DATASET CONTENT Block Start

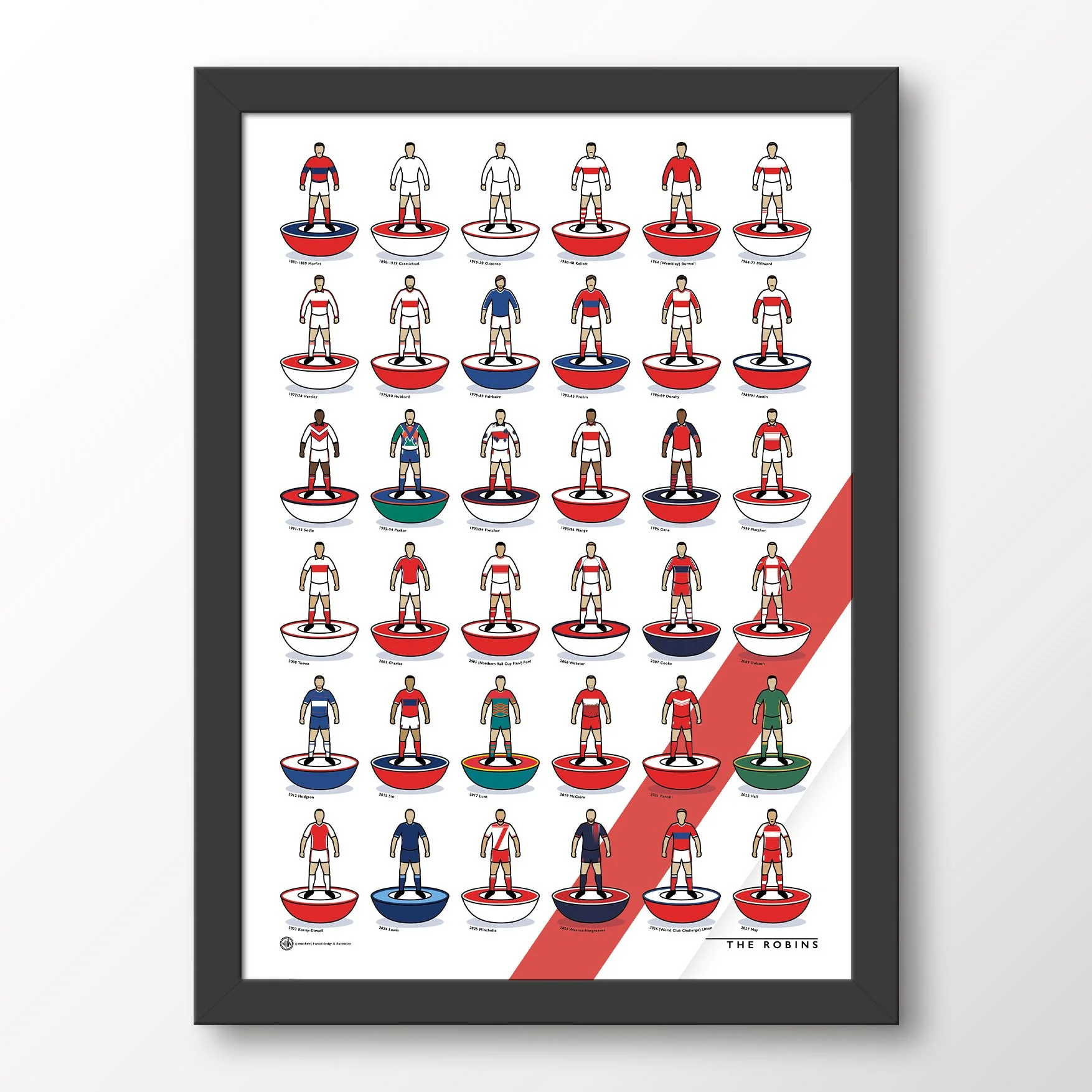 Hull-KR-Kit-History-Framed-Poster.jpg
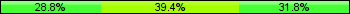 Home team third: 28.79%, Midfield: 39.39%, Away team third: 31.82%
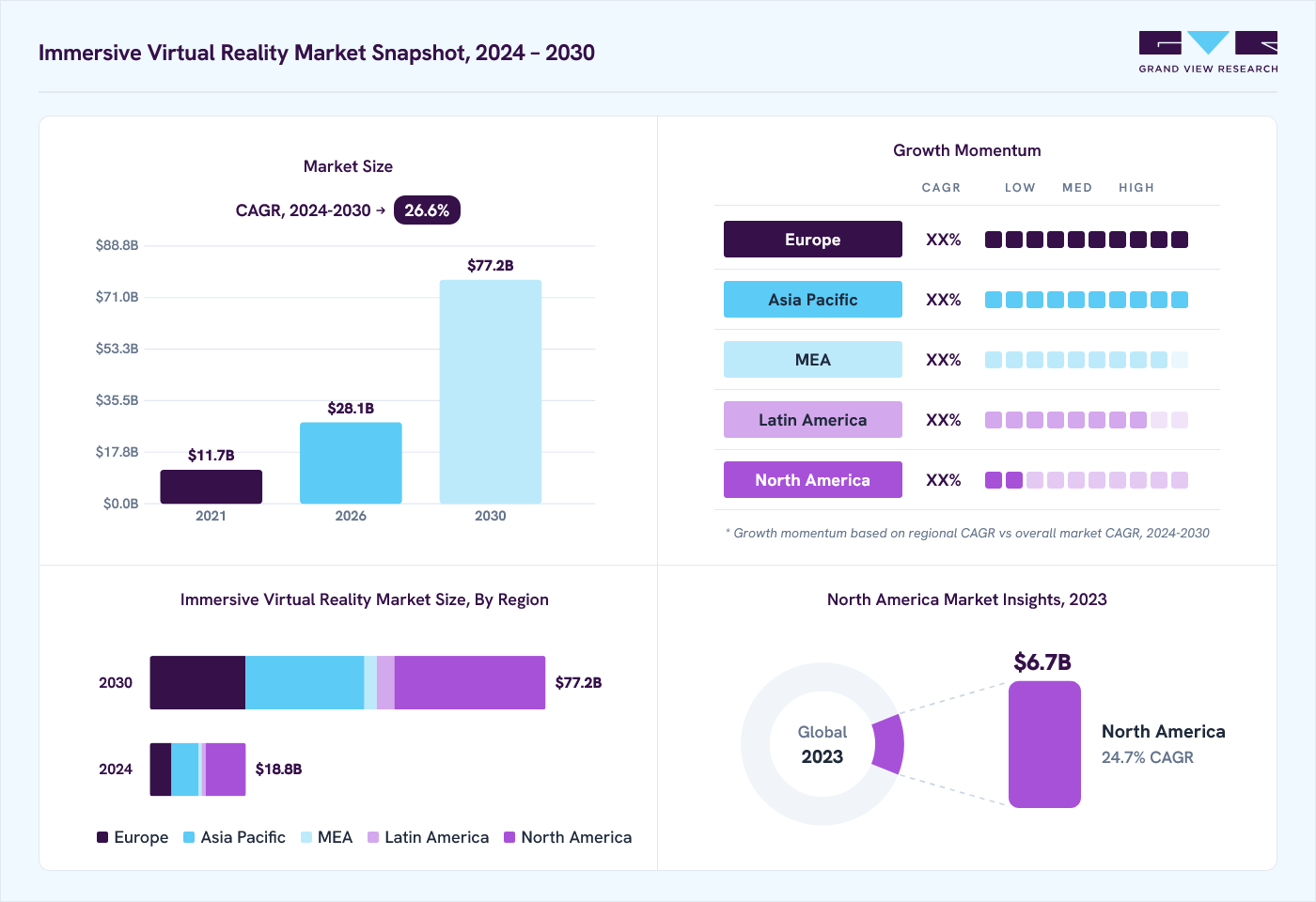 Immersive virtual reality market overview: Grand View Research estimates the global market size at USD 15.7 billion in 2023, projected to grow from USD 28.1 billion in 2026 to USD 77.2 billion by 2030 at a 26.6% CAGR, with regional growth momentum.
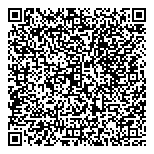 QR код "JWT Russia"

DATASET CONTENT Block End

▶ TASK GOAL
Whenever a picture appears in the listing, leave it out; copy everything else exactly.

▶ EXERCISE RESPONSE
 Hull-KR-Kit-History-Framed-Poster.jpg
 Home team third: 28.79%, Midfield: 39.39%, Away team third: 31.82%
 Immersive virtual reality market overview: Grand View Research estimates the global market size at USD 15.7 billion in 2023, projected to grow from USD 28.1 billion in 2026 to USD 77.2 billion by 2030 at a 26.6% CAGR, with regional growth momentum.
 QR код "JWT Russia"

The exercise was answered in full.